Wednesday, July 25, 2012


To be accurate, this is from the American colour reprint of 1980. The only version where it's actually purple.

Secretly, this is about my cousin. His name is Steven, and he's now a doctor of cybernetics. This could have been predicted by anyone who'd witnessed even a fraction of his early life. In 1979, when I was seven and he was sixteen - he having been born in 1963, a trait of many notables in this chronology, from Tat Wood to Jarvis Cocker - he was the first person I knew who owned a home computer. The machine was a NASCOM-1, a conglomeration of boxes, cables, and sharp-toothed circuitry which just two ZX-years later would have all the cutting-edge appeal of a Spinning Jenny. The more remarkable point is that when he was in his seventeenth year, an age at which you and you and you and I were all watching pop videos and doing terrible things to our own bodies, my cousin Steven built the NASCOM-1 himself out of its component parts. This wasn't necessity: in that early period, computers came in kit form or complete, the latter being slightly less affordable. Like me, Steven had a fundamentalist middle-class upbringing, though he lived in a nicer house. I'm fairly sure his family, sensing as all parents did that computers were the Coming Thing, would have been happy to chip in the extra in order to fast-track him towards the inevitable future of AI-run governments and chunky digital lettering.

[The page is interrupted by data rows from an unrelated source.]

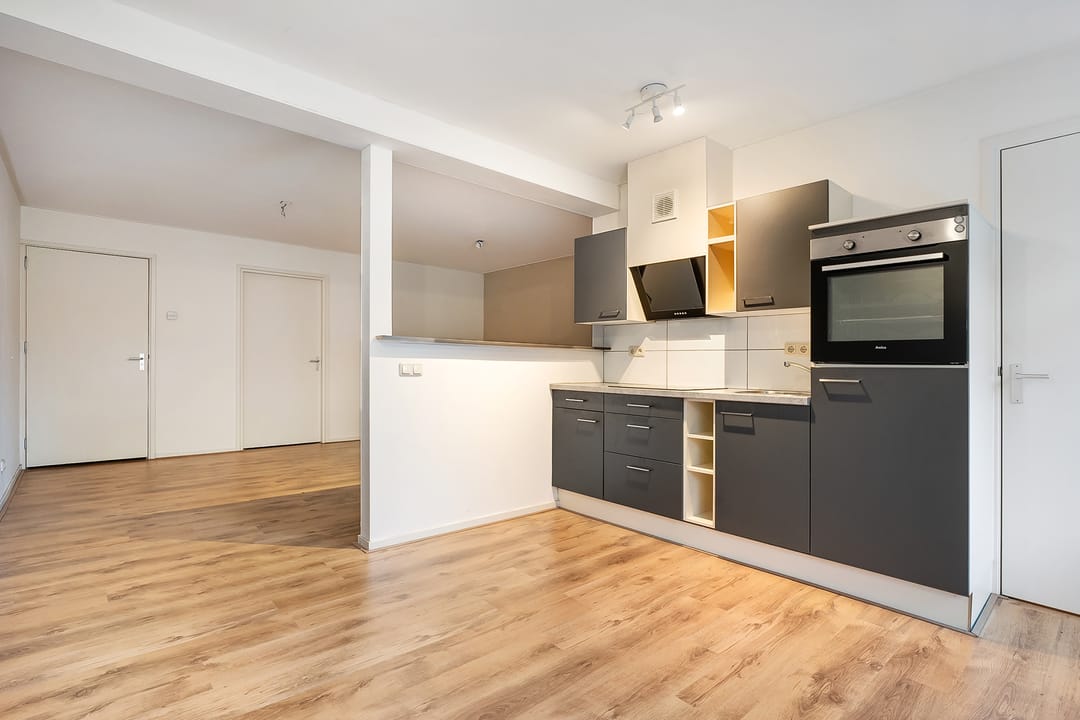 Photo 8 of Burgemeester van Riemsdijkstraat 7-A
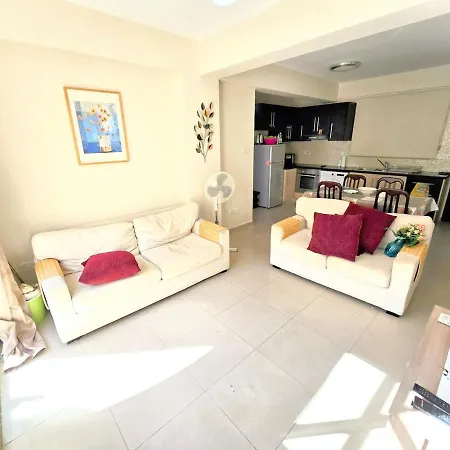 Comfy 1 Bed Apartment, Great Location 200mbps Wifi Apartment Paphos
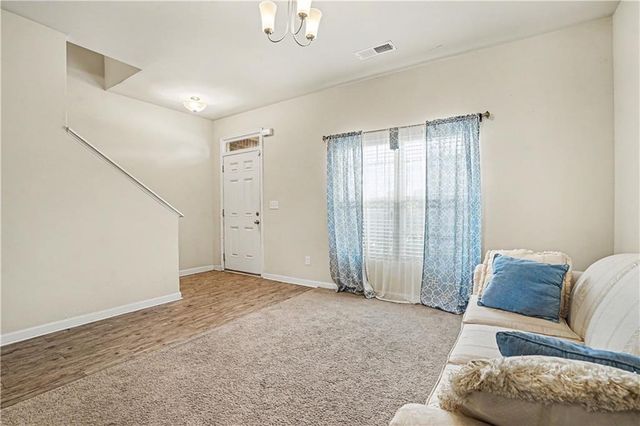 325 Horizon Trace, Loganville, GA 30052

No. Steven had the kit-form NASCOM-1 because he wanted to put it together himself. He wanted to solder the chips to the boards, the boards to the framework, to understand how exactly what was happening in its electro-guts when the lurid green hexdecimal began to fill up the screen. I have profound memories of his hunched, athletic form (because I fear that the "geek" stereotype had no meaning in 1979, my cousin being a Sports Day champion, as well as an individual whom a girlfriend of mine - twenty years on - would describe with the single syllable "mmMMmm"), poised with a soldering iron in his hand as if he were a Soviet figurative sculpture of the microchip age. Over a period of weeks, I watched the Black Box of the CPU take shape in time-lapse, until the day came when he could switch it on. It worked without hitches or glitches, which is perhaps the least likely thing in this whole narrative.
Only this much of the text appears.